• Exercise brief
Go to the line containing "Maisons de campagne" in the material below. From there to the end, retype every line exactly and drop the pictures.

Start of The data

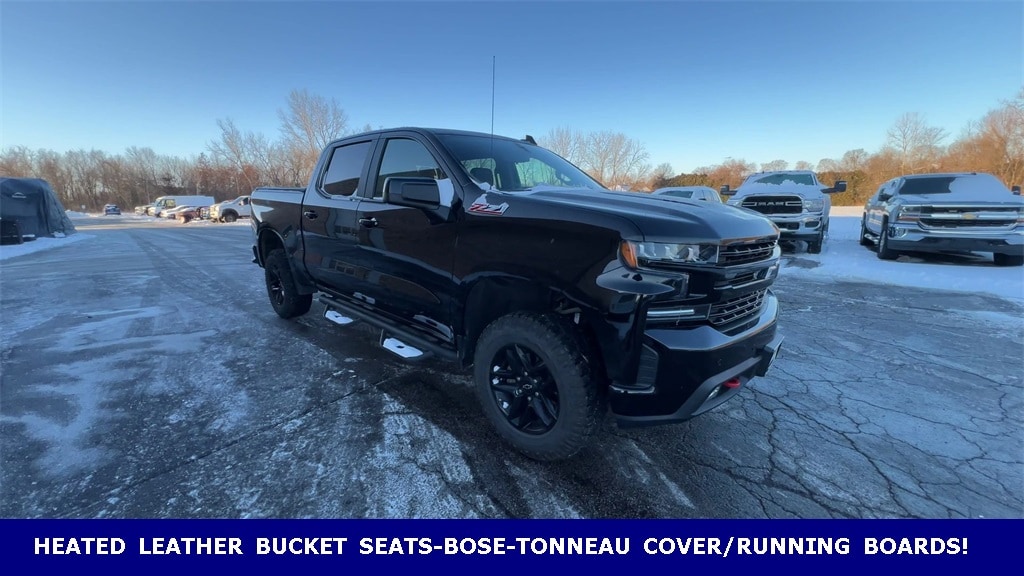 Certified 2020 Chevrolet Silverado 1500 LT Trail Boss Truck Crew Cab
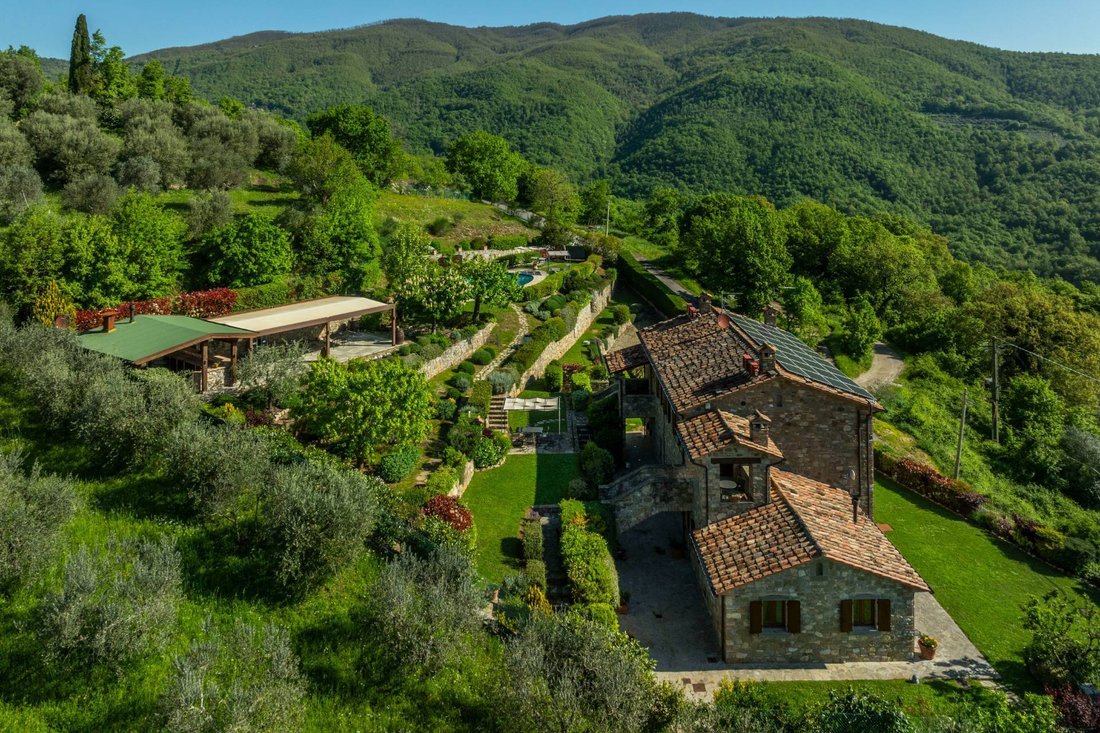 Maisons de campagne à Centre, Cortona, Toscane 5 - 16689103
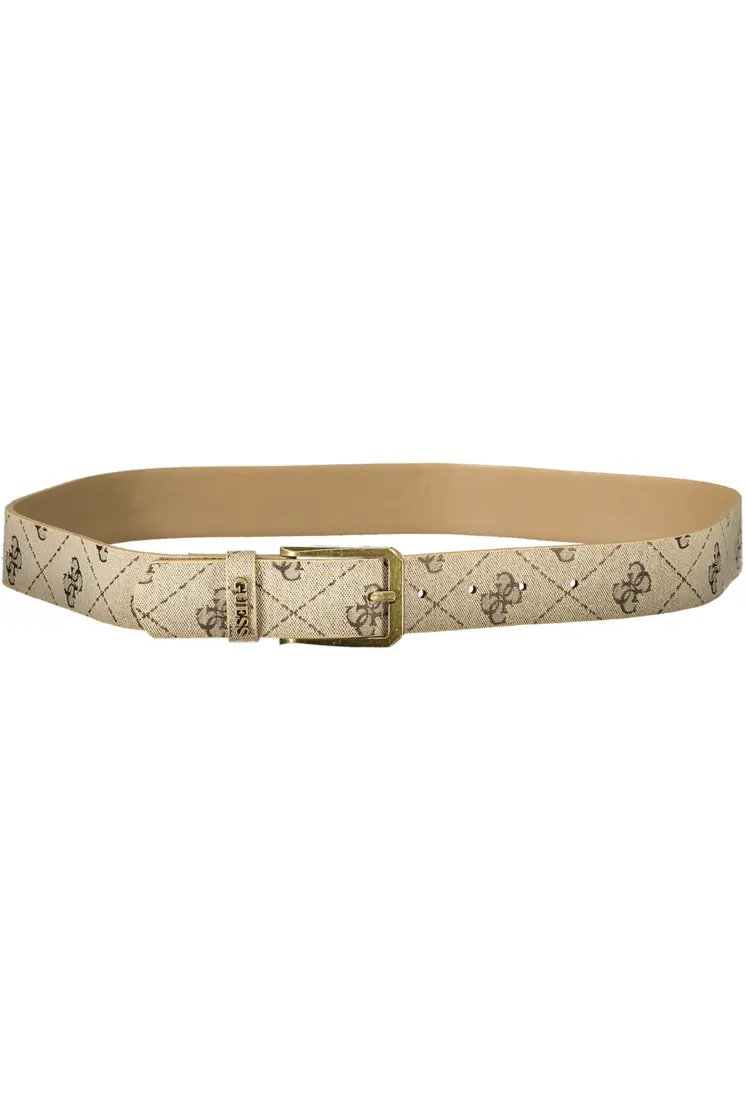 GUESS JEANS BELT MEN BEIGE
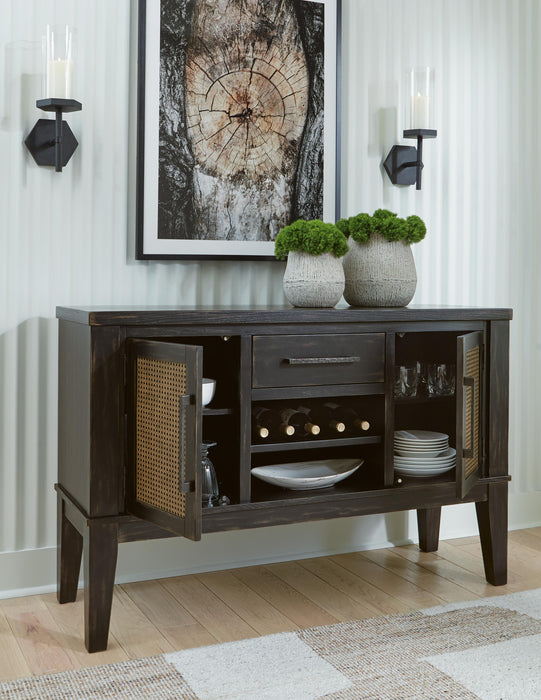 Galliden Dining Server - CasaBella Furniture (San Antonio, TX)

End of The data

• Answer area
 Maisons de campagne à Centre, Cortona, Toscane 5 - 16689103
 GUESS JEANS BELT MEN BEIGE
 Galliden Dining Server - CasaBella Furniture (San Antonio, TX)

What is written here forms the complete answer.